DATA BELOW Start Marker

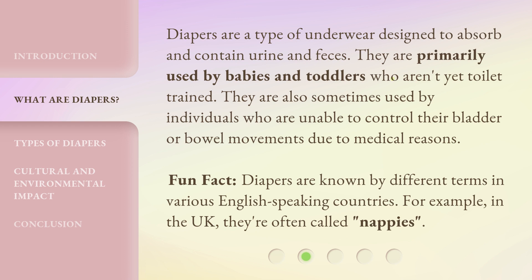Fun fact: Diapers are known by different terms in various English-speaking countries. For example, in the UK, they're often called nappies.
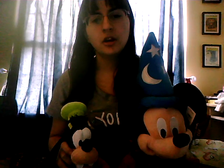These guys — Goofy and Sorcerer's Apprentice Mickey — I got them at the local mall. As I said before, every time I go to the mall alone, I make a stop at the Disney store and I buy myself a new friend.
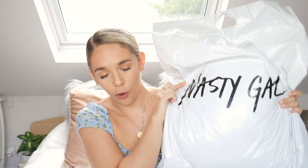Hello guys and welcome back to my YouTube channel. We haven't done a little sit-down haul video in a while. I'm actually going on holiday tomorrow, so I bought a couple of things that hopefully I can take away with me. Today we are doing a Nasty Girl haul.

DATA BELOW End Marker

A word-for-word repeat is expected of the lines from the one with "These guys —" to the end of the data, both included; pictures are not part of it.

> _TASK OUTPUT_
These guys — Goofy and Sorcerer's Apprentice Mickey — I got them at the local mall. As I said before, every time I go to the mall alone, I make a stop at the Disney store and I buy myself a new friend.
Hello guys and welcome back to my YouTube channel. We haven't done a little sit-down haul video in a while. I'm actually going on holiday tomorrow, so I bought a couple of things that hopefully I can take away with me. Today we are doing a Nasty Girl haul.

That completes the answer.